Copy out each line of the data below in which "сообщений" appears.
'''
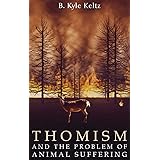 Thomism and the Problem of Animal Suffering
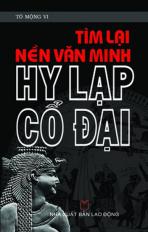 Tìm lại nền văn minh Hy Lạp cổ đại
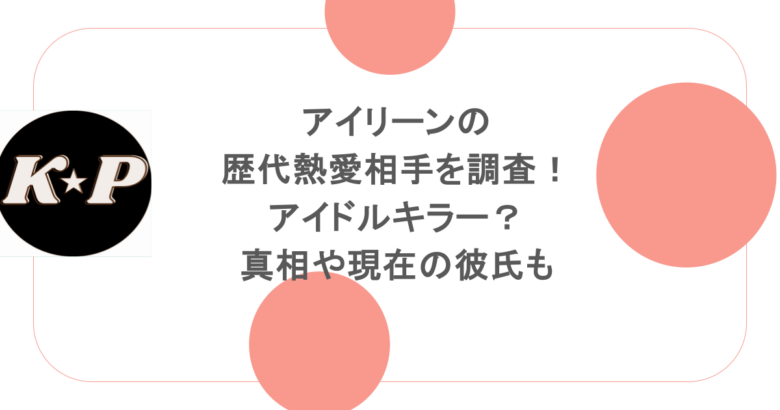 アイリーンの歴代熱愛相手を調査!アイドルキラー?真相や現在の彼氏も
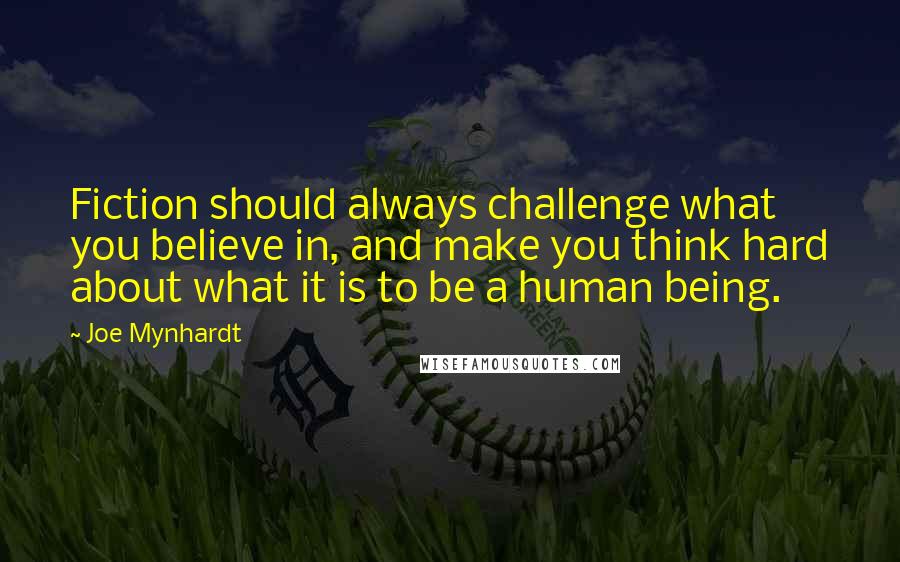 Joe Mynhardt Quotes: Fiction should always challenge what you believe in, and make you think hard about what it is to be a human being.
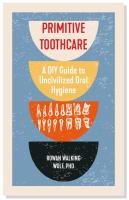 Primitive Toothcare: A DIY Guide to Uncivilized Oral Hygiene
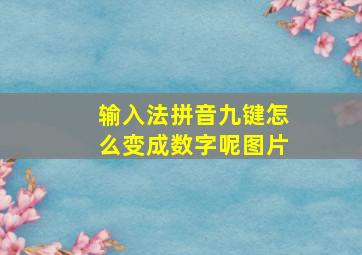 输入法拼音九键怎么变成数字呢图片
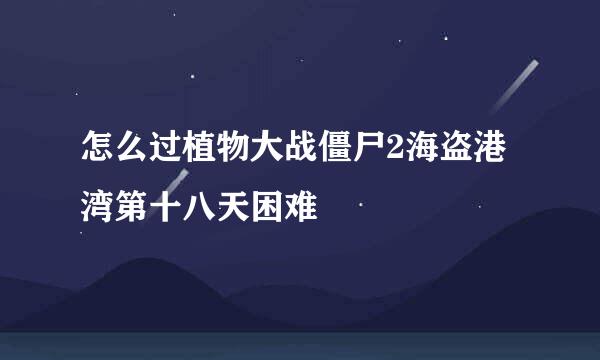 怎么过植物大战僵尸2海盗港湾第十八天困难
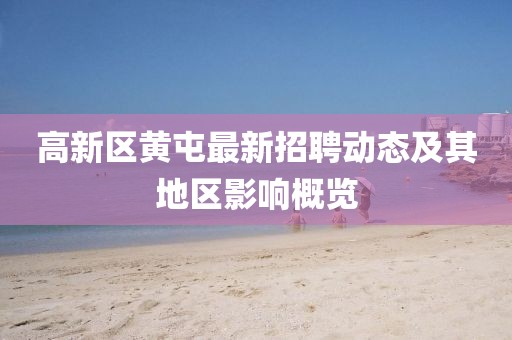 高新區黃屯最新招聘動(dòng)態(tài)及其地區影響概覽
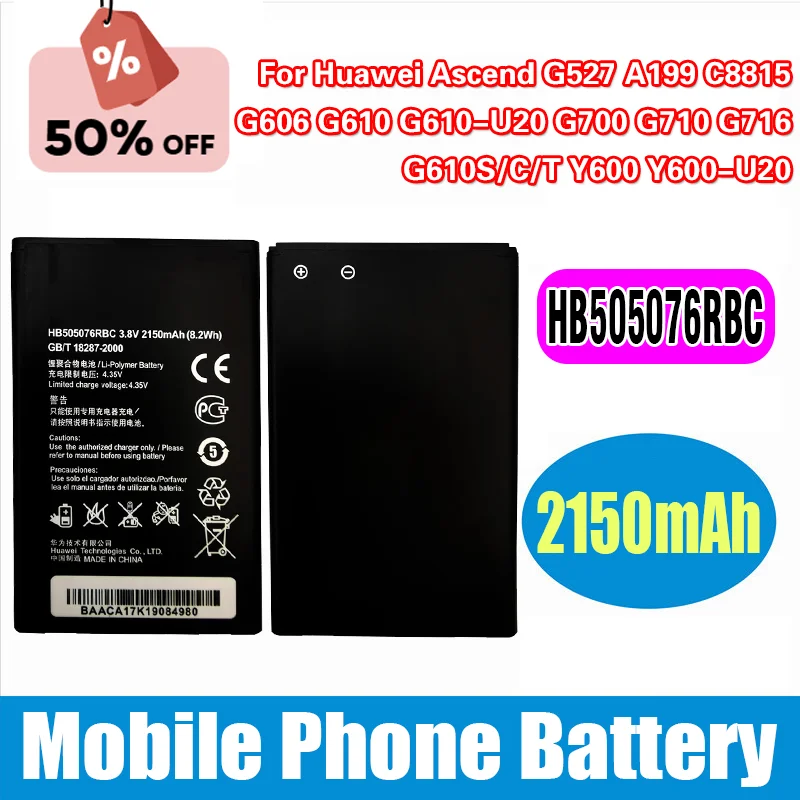 3.8V 2150mAh HB505076RBC For Huawei Ascend G527 A199 C8815 G606 G610 G610-U20 G700 G710 G716 G610S/C/T Y600 Y600-U20 Battery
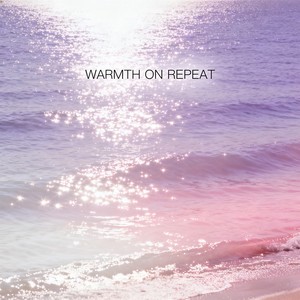 Warmth On Repeat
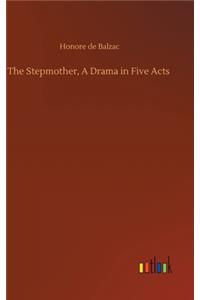 Stepmother, A Drama in Five Acts
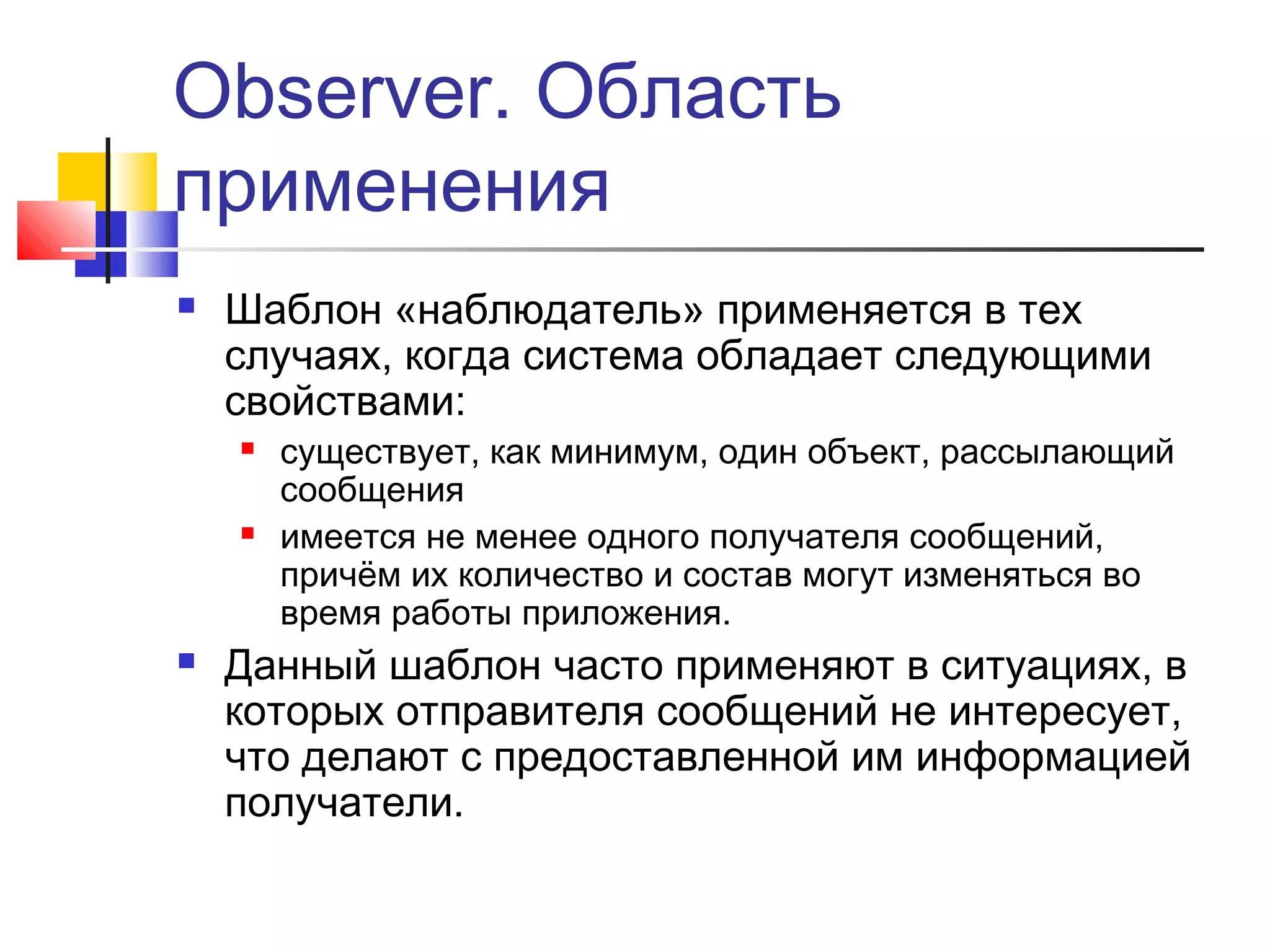 Observer. Область
применения


Шаблон «наблюдатель» применяется в тех
случаях, когда система обладает следующими
свойствами:






существует, как минимум, один объект, рассылающий
сообщения
имеется не менее одного получателя сообщений,
причём их количество и состав могут изменяться во
время работы приложения.

Данный шаблон часто применяют в ситуациях, в
которых отправителя сообщений не интересует,
что делают с предоставленной им информацией
получатели.

 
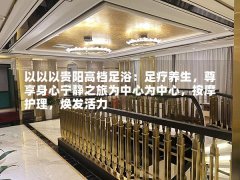 以以以贵阳高档足浴：足疗养生，尊享身心宁静之旅为中心为中心，按摩护理，焕发活力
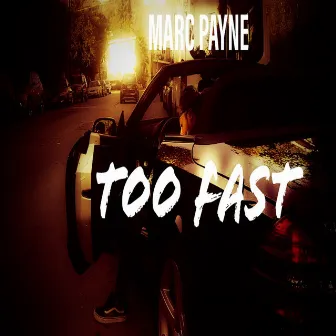 Too Fast by Marc Payne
'''
◆ FINISHED EXERCISE ◆
имеется не менее одного получателя сообщений,
которых отправителя сообщений не интересует,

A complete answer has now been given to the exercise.